February 11, 2018

puzzle piece

Three years ago, on a mild May weeknight ....

8:22 p.m.: (Me to my kid) "Go upstairs and take your bath and do your reading, and let me know when you're done. You need a good night's sleep because you have an end-of-grade test tomorrow."
8:22 p.m.:  (Kid to me) "Okay."
9:07 p.m.: (P.J. to kid) "What are you doing up there? Are you in bed yet?"
9:07 p.m.:  (Kid to P.J.) "Um, no, actually.  I'm starting on a 1,000-piece puzzle, just to calm my mind down."
9:08 p.m.: I march up the stairs in a huff, to effectuate an immediate cease-and-desist and get the kid to bed.
9:37 p.m.: P.J. comes upstairs and finds me on the floor, helping the kid find edge pieces.

I specialize in 996-piece puzzles.  This is what happens to anyone who lives in a house with a kleptomaniacal dog.

I tend to stay away from puzzles, precisely because I enjoy the hell out of them.  A puzzle consumes my life until it's completed.  The dining room table is swept clean of the Lazy Susan and place mats and crumbs, and its four corners are then occupied by a puzzle board and its felt cover, a box showing the picture, 1,000 Ravensburger pieces meticulously turned right-side-up, some separated into trays, and a coffee mug placed precariously on the edge beside the board, responsible for moral support.  Displaced family members can go suck an egg.  Meals are eaten elsewhere, plates held in laps, until such time as the puzzle is completed.

A puzzle, for me, is a foray into a brief but intense life experience of frustration, deep breathing, teaching Lille not to throw things, squinting, activating atrophied brain centers, fortitude ... and at last, perseverance, punctuated by finding my way around the sore-thumb four missing pieces and the acceptance of imperfection, because life never shows us the full picture, does it?  (Did you know Chester's full name is actually Chester God-Damn-It?  He frequently gets called by his full name.  We're formal around here.)

My current puzzle indulgence is Merlin's laboratory.  I am working this puzzle in spite of the large owl, which I am tolerating because it is looking elsewhere.  I have an Owl Thing.  When I was very young, we lived in an old house in which the bedrooms were upstairs and the bathroom was downstairs.  I was scarcely out of toddlerhood, and faced the nightly fear of a 2:00 a.m. obligation to go pee.  I would stand at the top of the staircase looking down, squirming and crossing my legs, at the owls hung on the wall at the bottom of the stairs.  My parents had come across a set of four Richard Hinger paintings at a yard sale of these vicious, threatening killer owls, black-on-brown rendering of piercing stares, challenging me to walk by them, if I dared.  To this day, I fucking hate owls.  

My co-worker in the next cubicle, as the Universe would have it, is an owl fanatic.  Her cubicle is decorated with owl pictures, owl paraphernalia of the craft shop type, and a large brown macramé owl that glares at me each time I walk by.  If there is a god out there, he's a sadist with a sense of humor even more twisted than mine.

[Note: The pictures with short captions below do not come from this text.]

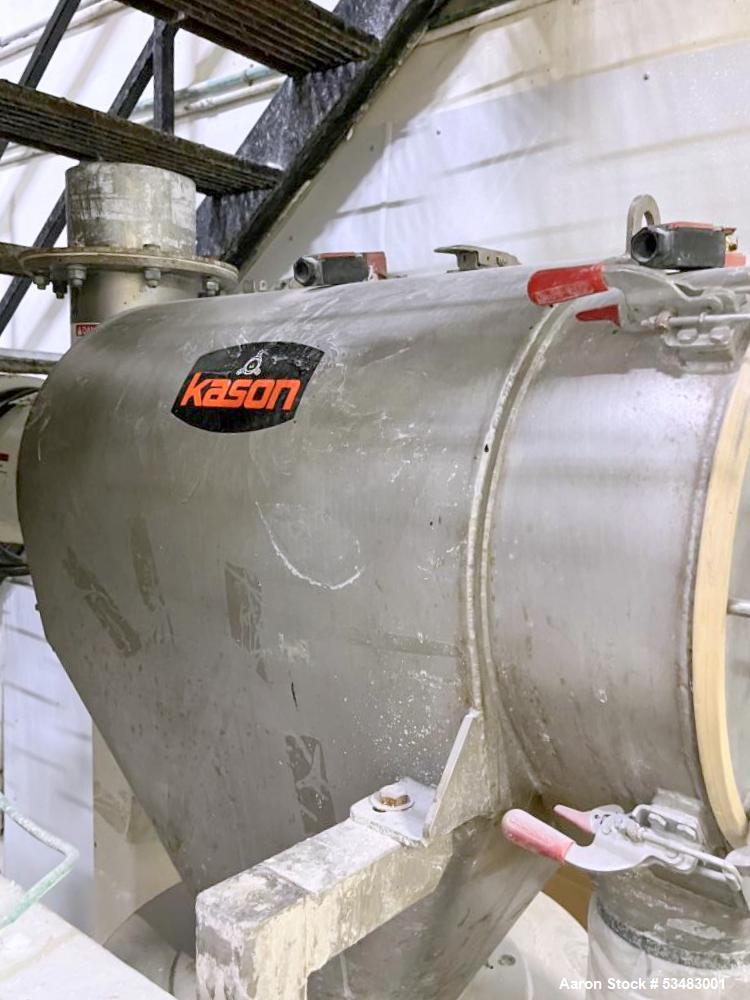 Used Kason Centri-Sifter / Screener, Model MO-SS, Stainless Steel. Approximately 10" diameter x 24" long (4) blade rotor. 6" top opening with screw infeed. Driven by a 3 hp, 3/60/230/460 volt, 870 rp...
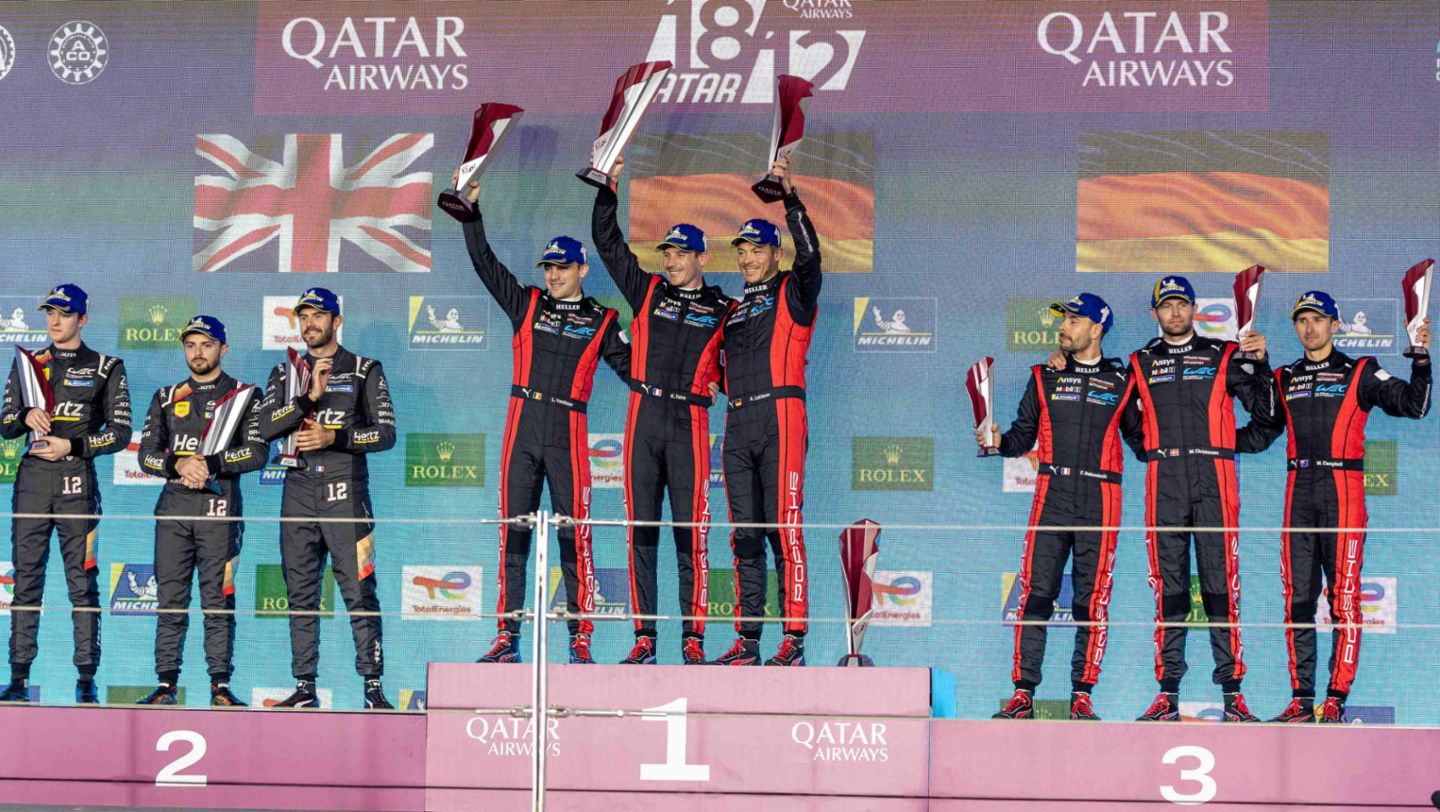 Callum Ilott (UK), Will Stevens (UK), Norman Nato (F), Hertz Team Jota - Laurens Vanthoor (B), Kevin Estre (F), Andre Lotterer (D), Porsche Penske Motorsport - Frederic Makowiecki (F), Michael Christensen (DK), Matt Campbell (AUS), Porsche Penske Motorsport (l-r), Qatar, 2024, Porsche AG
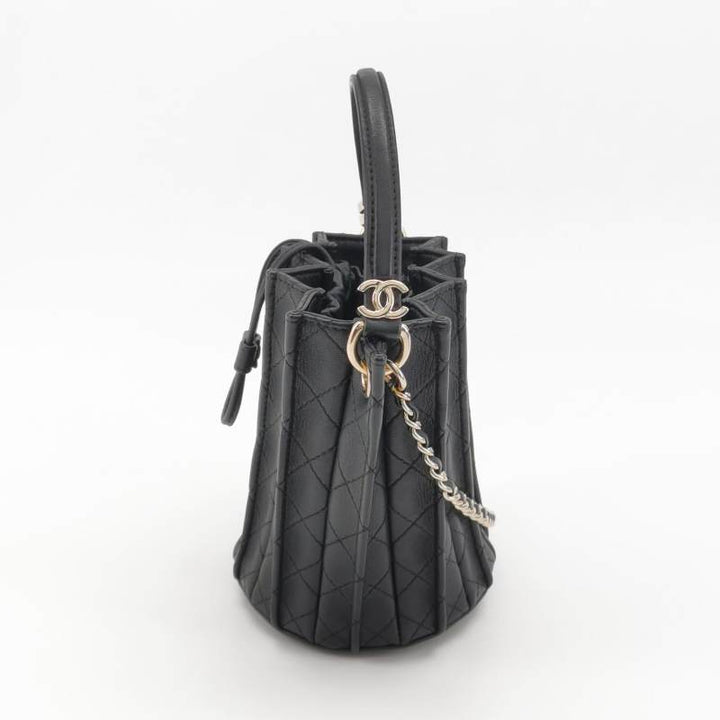 Chanel Pleated Mini Bucket Bag Black Smooth Leather Gold Hardware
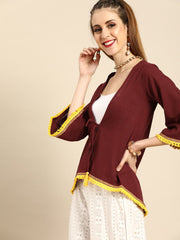 Nayo Women Solid Maroon Shrug With Tassle and Lace Detail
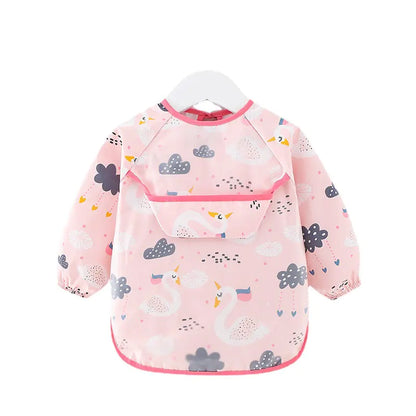 SplashGuard™ Waterproof Cotton Bib – Long Sleeve Feeding Apron for Kids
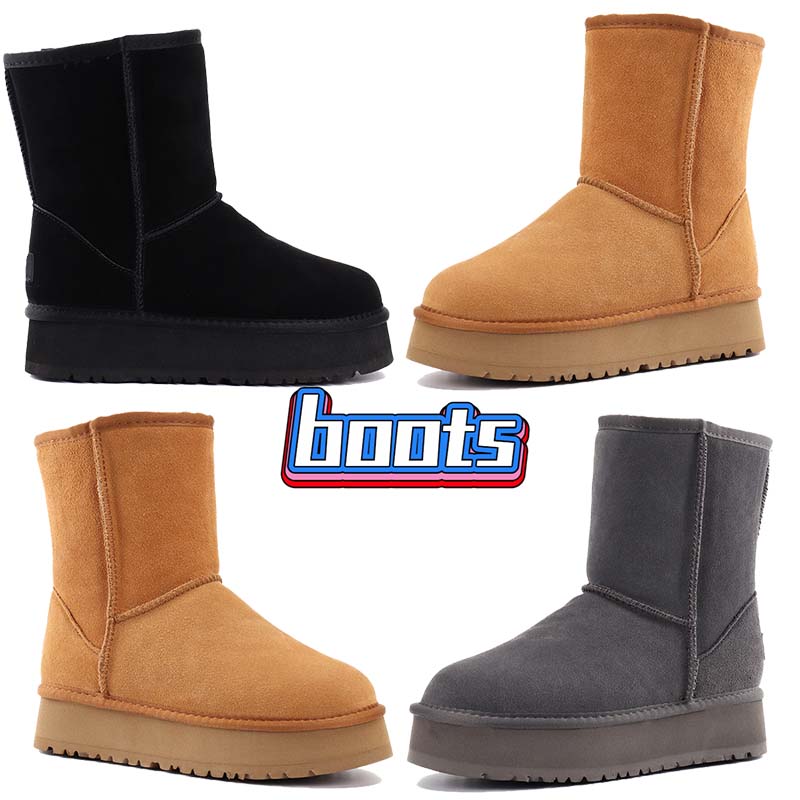 

Australia Snow Boot shoes Classic Short Platform Ankle Boots Black Charcoal Chestnut Fashion Women Comfort Winter Fall Designer Ankle Sheepskin Shearling shoe, Shoe box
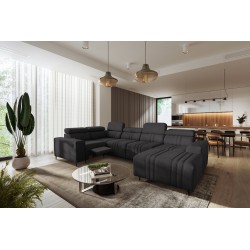 Narożnik w kształcie U Verona IV Mix z funkcją spania oraz funkcją relax manualna tkanian Vena 20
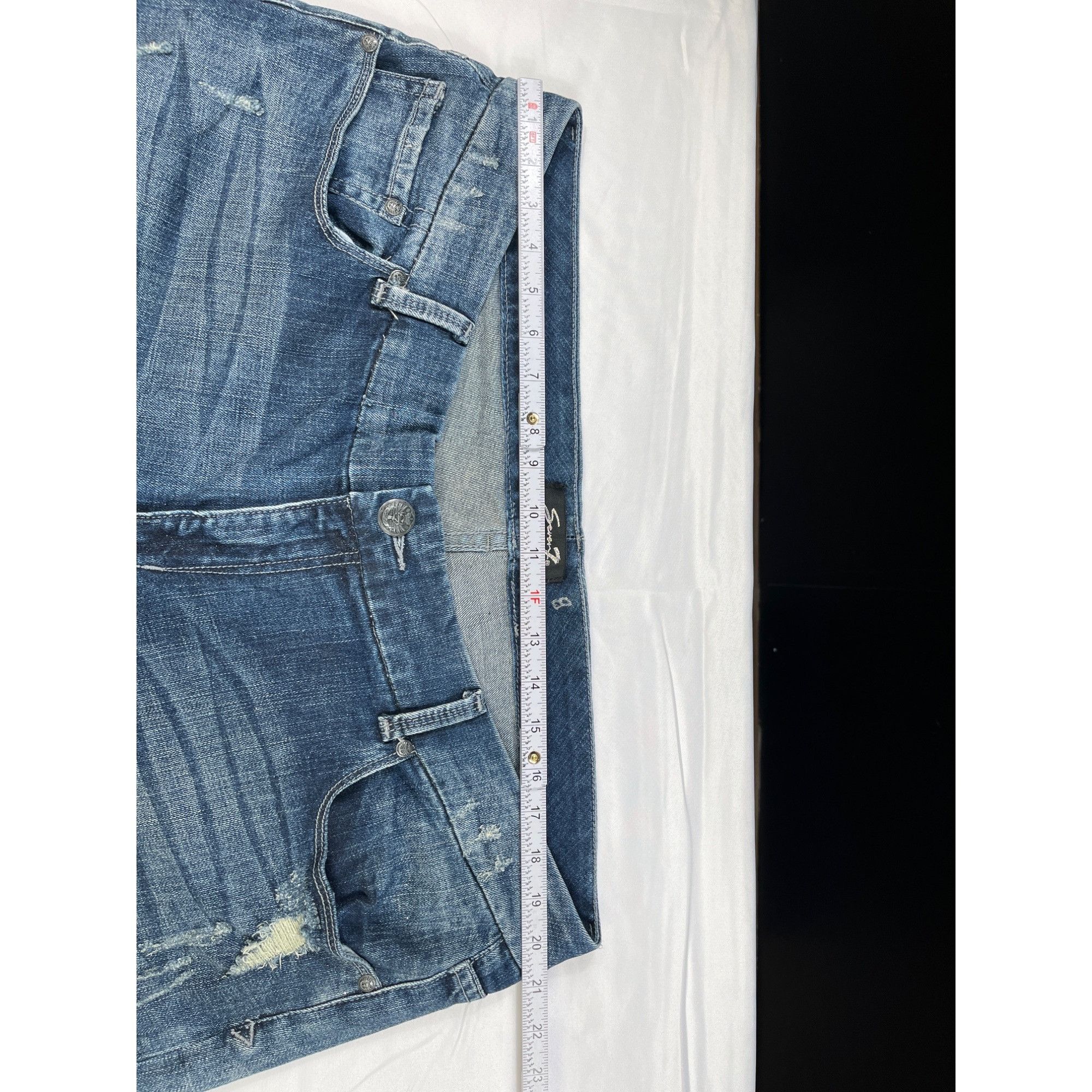 7 For All Mankind 7 For All Mankind SKU 7571 Womens Distressed Blue Denim Jean Size 22" - 3 Thumbnail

The rats in the puzzle, on the other hand, don't bother me in the least.  I went and fetched this old rubber rat toy from Chuck-E-Cheese's that I knew was still in one of my son's toy bins.  It's a white rat, so old that the black had worn off of its eyes, giving it a cold, dead, white stare.  I drew the eyes back in with a black Sharpie, and now he's a cute little mascot for my puzzle.  P.J. would think I'm crazy, but this has already been established, so she just shakes her head, and sometimes places the rat in different positions around the puzzle for me.

We won't discuss the monkey or the beetles.

I'd make a lot more progress on the puzzle if I wasn't spending so much time writing in this blog and re-reading some Terry Pratchett.  My priorities are all wrong, and my family would like to eat at their dining table again.

In preparation for my visit to my old church tonight, I'm going to work on the stained glass window now.  And maybe put something a little stronger than creamer in my coffee.  I'm nervous.